Ainda quando namoravam, o sonho do casal era formar uma família. E não era a notícia de que Isabela nunca poderia ser mãe que os faria parar de lutar. Meses depois, ela perguntou ao marido se ele realmente desejava ficar com ela agora que sabia que sua mulher era estéril. Suas palavras pareceram afetar completamente Cláudio, e ele apenas respondeu: “Você sabe que eu jamais a deixaria. Principalmente neste momento. Eu a amo e juntos vamos realizar os nossos sonhos.” Então, um mês depois, preencheram o longo e cansativo formulário a fim de adotar uma criança. Ambos sempre foram de acordo com a adoção, e eram devotos à afirmativa de que não é o tipo de sangue que une as pessoas, mas sim o amor; porém não imaginavam que era um processo tão demorado. Um ano se passara e ainda não haviam obtido respostas. Mas agarravam-se à esperança de ainda poder carregar um bebê em seus braços. Agarravam-se desesperadamente à esperança de poder chamá-lo de filho.

Quando entraram em casa, o silêncio os atingiu de tal maneira que os dois se entreolharam. Procuraram esquecer-se dos momentos difíceis, e, enquanto Cláudio colocava a mesa, Isabela terminava de temperar o frango. Haviam decidido que nada atrapalharia o seu jantar, e consequentemente, a sua noite de Natal. Porém, meia hora depois, quando se preparavam para sentar à mesa, alguém tocou a campainha. Cláudio olhou para a mulher e, sorrindo, murmurou:

– Ainda bem que não sentamos. – Isabela também sorriu, e, rapidamente, se dirigiu à porta. Àquela altura, já haviam parado de bater. “Não deve ser tão importante, senão insistiriam”, pensou, enquanto girava lentamente a chave. Quando abriu, o vento quente que surgia da rua a surpreendeu. Percebeu o quanto estava frio dentro de casa e, por um minuto, desejou passar a noite toda ali na rua. Isabela olhou para todos os lados e deduziu que fora um engano, ou apenas alguma criança lhe batendo à porta a fim de desejar-lhe um Feliz Natal. Estava pronta para fechar quando lhe ocorreu de olhar para baixo, e o que viu a deixou sem fala. Era uma cesta muito pequena, cor âmbar, com um lindo coração de metal pendendo da alça.

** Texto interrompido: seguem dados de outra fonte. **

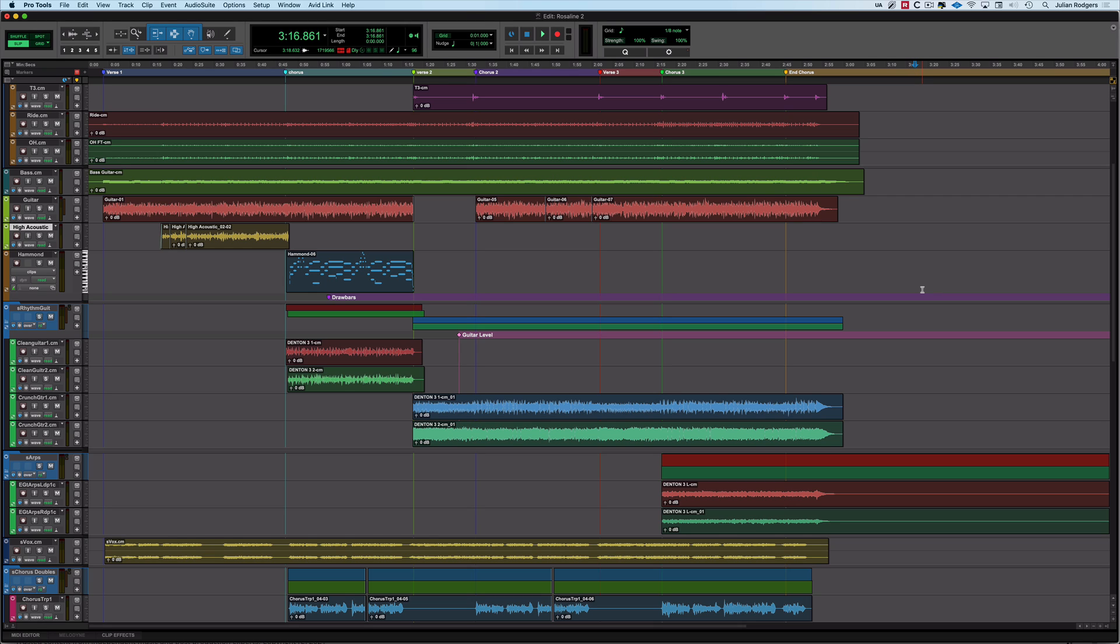Hi, this is Julian for Production Expert, and today we're going to be looking at the new marker features as introduced in Pro Tools 2023.6.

– Oh, meu Deus! – Isabela deixou escapar um soluço. – Cláudio! Cláudio! – Ele estava na cozinha, folheando um velho jornal quando ouviu os chamados da mulher. Quando se aproximou, também ficou perplexo, e lágrimas se formaram em seus olhos.

Isabela pegou o bebê no colo, enquanto Cláudio o acariciava. A criança vestia um conjuntinho rosa claro, e nem por um segundo se mostrou assustada. Era um neném lindo. Os grandes olhos verdes brilhavam em contraste com os cabelos castanhos. O casal deduziu que tinha apenas três semanas de vida, embora fosse razoavelmente maior para tal idade.

– E agora? – Sussurrou Isabela, emocionada demais para acreditar que tudo aquilo era real. – O que vamos fazer? – Mas nem mesmo ela tinha a resposta certa. Tudo o que mais queriam na vida era ficar com o bebê, pois já sabiam que ele lhes fora especialmente destinado, mesmo que o houvessem conhecido há tão poucos segundos. Porém precisavam fazer por merecê-lo. Então, com um sorriso, Cláudio murmurou:

– Nós vamos lutar. – Isabela sorriu diante das palavras do marido, e beijou a pequena menina que agora estava agitada em seu colo. Era como se ela percebesse as suas intenções e aprovava tentando fazer bagunça com as roupas que a cercavam. Não tinha um vestígio sequer da mãe, ou da pessoa que a cuidara desde o momento em que nascera. E, de certa forma, isso fazia Isabela feliz, porque, se ficassem com a criança, o que minutos depois já era óbvio, não queria nada interferindo em suas vidas.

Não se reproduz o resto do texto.